Becoming "Jack the Dripper"

One of the many nicknames that Jackson Pollock acquired through his life was "Jack the Dripper." Pollock did not start his method of dripping the paint on the canvas until 1949. Up until this point he was struggling with purist form to try to portray his subconscious.

Shortly after "She Wolf" he began to use his art as a mechanism to explore the levels of his conscious and subconscious by the use of automatism. Automatism is when the artist allows the subconscious to create his/her art without interference from the rational world.

His style changed and he created his drip technique. In 1943 Peggy Guggenheim's Art of the Century Gallery used the works of Pollock in her first one man show. Peggy Guggenheim's Gallery opened in 1941 on a non-commercial basis.

In 1949 Pollock began his "all-over" paintings which included "Lavender Mist", painted in 1950 with oil on canvas.

The New York School

The Abstract Expressionists where concerned with the movement of the artist more than the display of paint on the painting. The term Abstract Expressionism was coined by Robert Coates, an art critic for the New Yorker, to describe the art of not only Pollock, but Mothewell, Still, and Hoffman. All these artists where considered the New York School, and centered on the use of automatism to examine their subconscious.

Abstract Expressionism began during the Great Depression, Isolationism, and Hitler. Art in America was still incredibly impressionistic and many of the schools of thought at this period where interested in realistic portrayals of the Depression.

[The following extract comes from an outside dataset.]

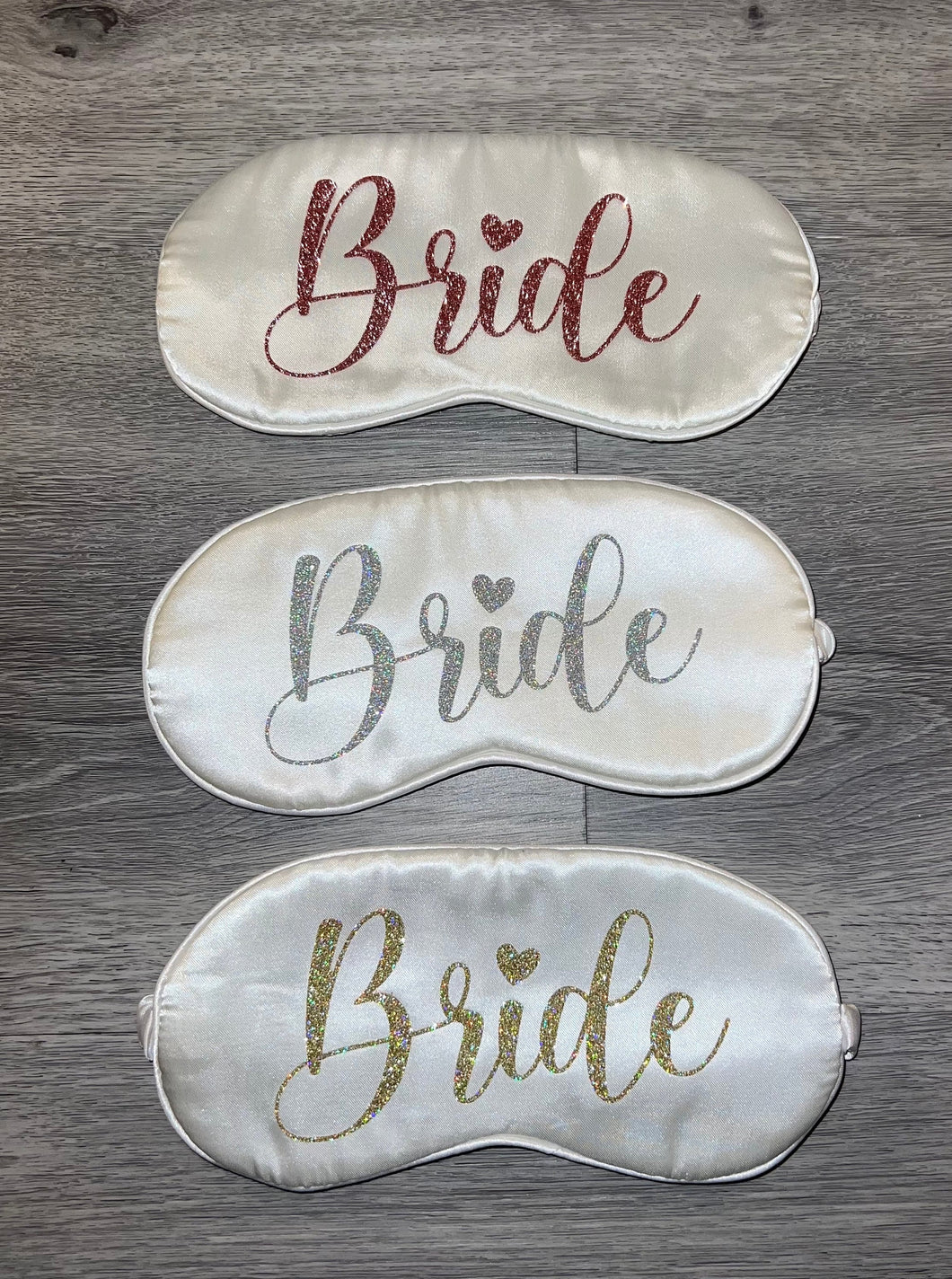 Bride Sleep Mask - Decorative Sleep Mask with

This changed when many of the European artist that had been major players in Surrealism, Modernism, and Dadaism were exiled and moved to the United States. Such artists as Max Ernst, Andre Breton, Chagall, and Mondrian brought over their new ideas.

Frued greatly influenced many of the artists from Europe, but Carl Jung opened up boundaries in the U.S. Carl Jung's mythopoetics heavily influenced the Abstract Expressionists. Mytopoetics encapsulates the idea that man naturally creates his own myths and by the subconscious actions of the artist many of these myths are expressed.

"Lavender Mist" Oil on Canvas 1949
"Lavender Mist" Oil on Canvas 1949

What is the "Drip Technique?"

"My painting does not come from the easel. I hardly ever stretch my canvas before painting. I prefer to tack the unstretched canvas on the hard wall or floor...[I] work from the four sides and literally be in the painting. This is akin to the Indian Sand Painters of the West." This quote from Pollock sums up his style of painting.

In 1952 Harold Rosenberg introduced the term "action Painting" to describe the works of Pollock. Rosenberg described Pollock's style as being based upon instinctual muscular movements in which the brush is directed without meditation of control. This style of painting was aslo referred to as gesturalism.

Gorky called the automatic movements of the brush towards the completion of the artwork, continuous dynamism.

Pollock began to use commercial enamel and acrylic paints in 1949 to paint his "drip" paintings. He used sticks and various items to swirl the paint towards it's own direction. He would walk around the canvases as if in a shaman dance. Or as if his spirits where leading him towards an emotional climax.

Through his dance he captured layers upon layers of color and texture that covered the whole canvas. When one looks at "Lavender Mist", one can see beyond the blacks and whites into a soft layer of greens and purples underneath. As if the earth is hidden under emissions of black swirls and the colors are fighting to escape.

The paintings should draw the viewer into a world of chaos and order created through the action of the painter. A world of emotions, of conflicts and resolutions, of redemption and liberation, not a world of forms...but of freedoms.

Freed From the Shackles

Today the artist has the freedom to include multimedia into a kaleidoscope of different styles. The artist is not as constrained to limited amounts of thought, but has the option to move into any territory that helps expression.

The Abstract Expressionists freed the artist from form. Art went from the examination of the real into an examination of man's psyche. From there it moved on to examine man's spiritual need to create.

Pollock examined his own existence to try to display to others a part of man that we normally cannot reach.